A key example in The Checklist Manifesto recounts the development of a checklist to guide the procedure for inserting a central intravenous line in intensive care patients. The steps include elementary items such as handwashing. Because its content was so basic, the checklist was initially met with scorn by many practitioners. Nevertheless, consistent use of the checklist dramatically reduced central line infection rates and deaths in ICU wards where it was implemented.

This example seems particularly relevant in financial services since significant problems are often avoided through simple yet proactive control processes. Can you draw some parallels to a checklist that might be effective in ACH processing and describe how it might work?

That's right. Errors in payment processing seldom cost lives the way medical errors might, but they can be as costly as a lost or damaged aircraft. For this reason, I believe the checklist concept has great applicability for many of the risks we address in processing payments. For example, an electronic payment checklist for ACH might help payment originators comply with rules and regulations, avoid human errors, and reduce fraud. A basic electronic payment checklist might include 10 steps.

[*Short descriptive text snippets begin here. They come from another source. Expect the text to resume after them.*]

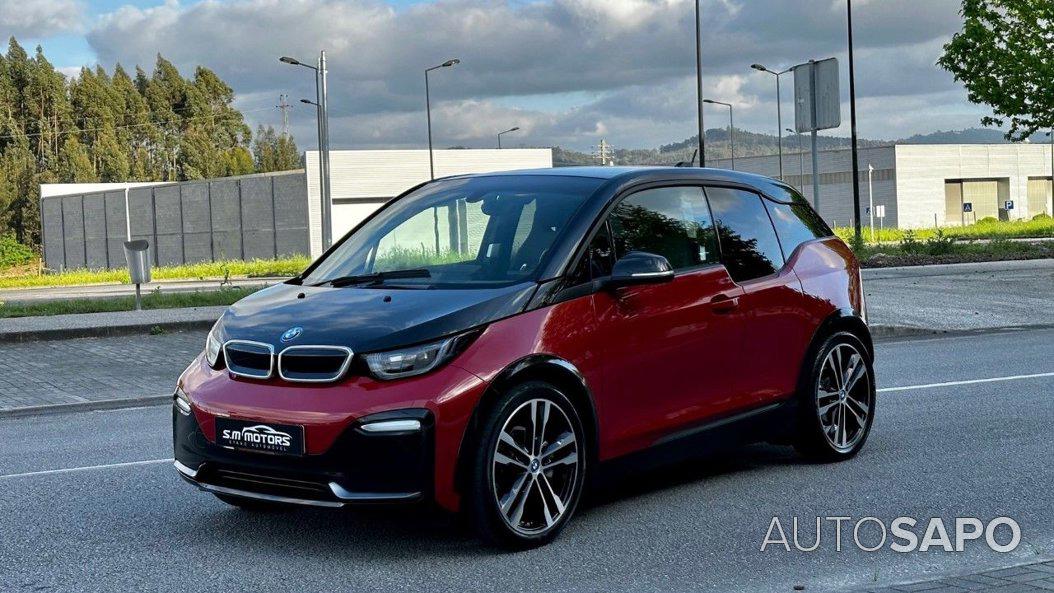 BMW i3 i3s 120Ah de 2020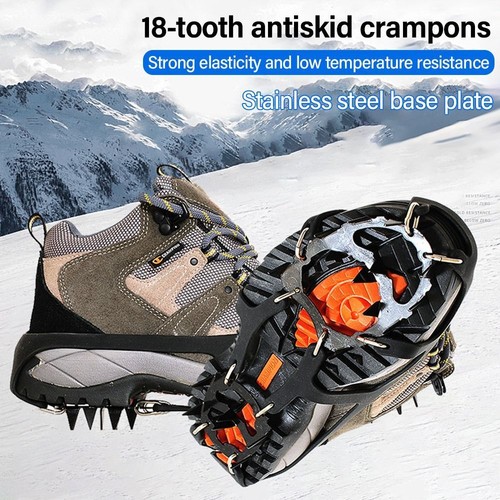 18teeth ice snow climbing - 18teeth,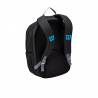 Rucsac Wilson Ultra Negru/Albastru, unisex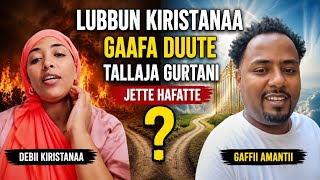 Haati faxee Awwale musamma kiristanumma wakkachifte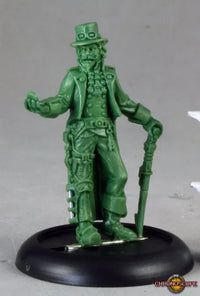 Smedley Cloverdash, Evil Villain 50187 (metal)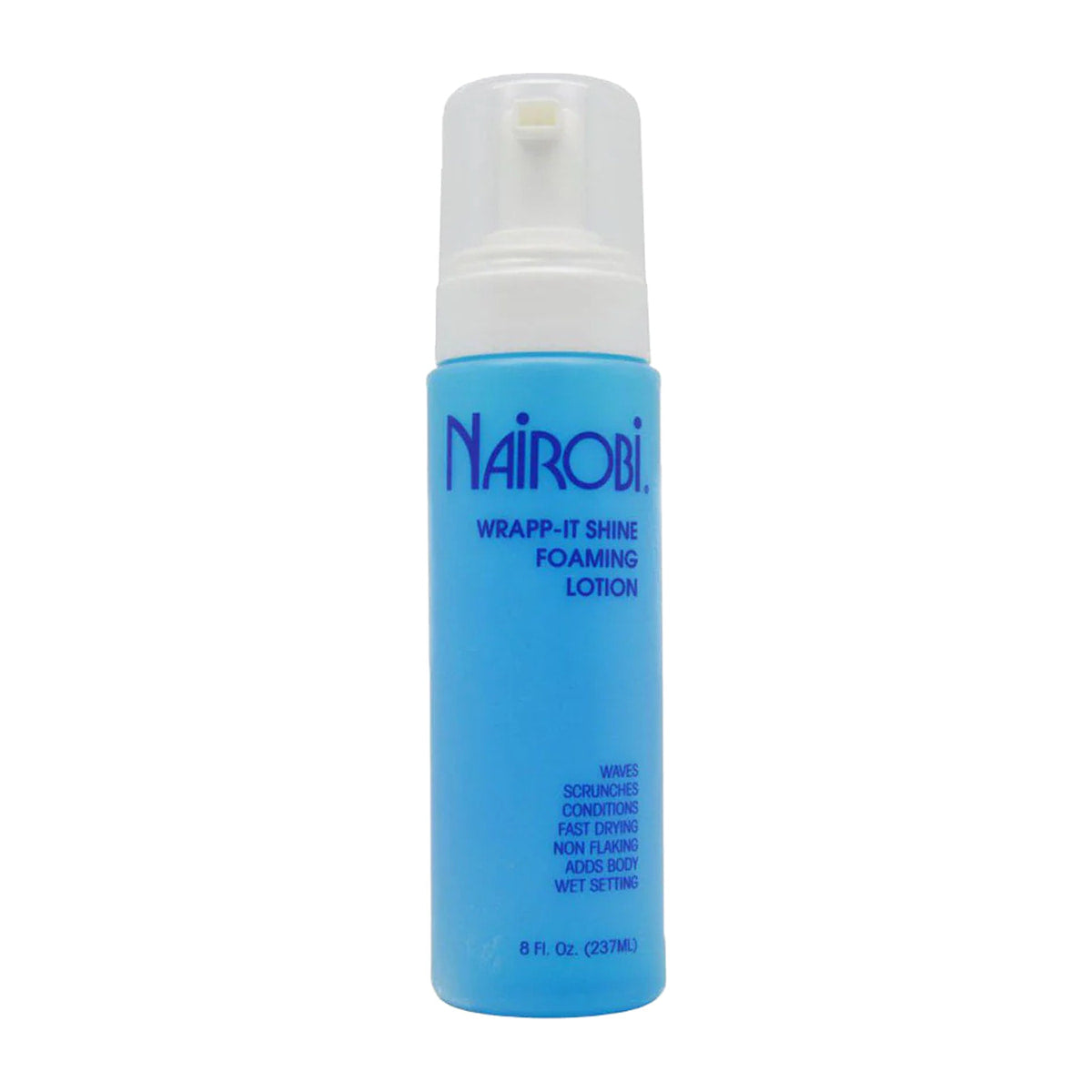 Nairobi Wrapp-It Foaming Lotion product image on white background
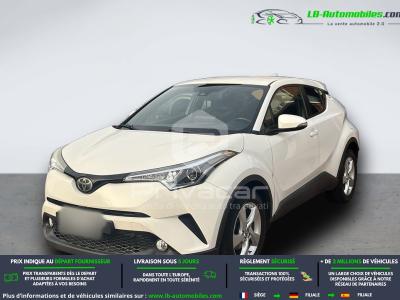 Toyota C-HR 1.2T 2WD 116 BVM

Electronic Payment Checklist
check box 1. Authenticate the receiver or requester.
check box 2. Confirm validity of authorization.
check box 3. Verify account number of receiver or beneficiary.
check box 4. Verify routing number of receiver or beneficiary.
check box 5. Confirm effective date of transaction.
check box 6. Confirm payment-related information.
check box 7. Confirm sufficient funds in funding account.
check box 8. Obtain internal approval for transaction.
check box 9. Initiate transaction.
check box 10. Confirm transaction.

Some of the steps are required by rule or by law, while others are simply necessary to route the transaction appropriately. When any one of the steps goes wrong, the resulting error decreases the efficiency of the payment process. It can even cause the entire transaction to be misrouted, possibly without an opportunity for recovery. The eighth step in this checklist is particularly important because it represents a traditional fraud mitigation method called "dual control." This traditional method has proven effective in mitigating the risk that outside entities will attempt to initiate or change a company's transactions by using the credentials of internal employees.

The final step in the checklist, confirming the transaction, is one that is frequently overlooked. It makes sure the financial institution receives the transaction that the initiator intended. This step is critical to ensure a payment has been positively handed off to the next participant in the processing flow.

It is interesting that such a simple control mechanism can still be effective. Why do you think some of the steps you’ve outlined in this checklist get overlooked?

Its utility rests on the fact that creating an ACH transaction involves a series of steps, any one of which can be missed or performed incorrectly. Consistent use of a checklist may help those who initiate payments to ensure each transaction complies with rules, is free of processing errors, and is received by the intended recipient. Financial institutions should consider sharing compliance checklists with customers who initiate payments through the ACH. In the world of payments, these are the elements of a smooth landing.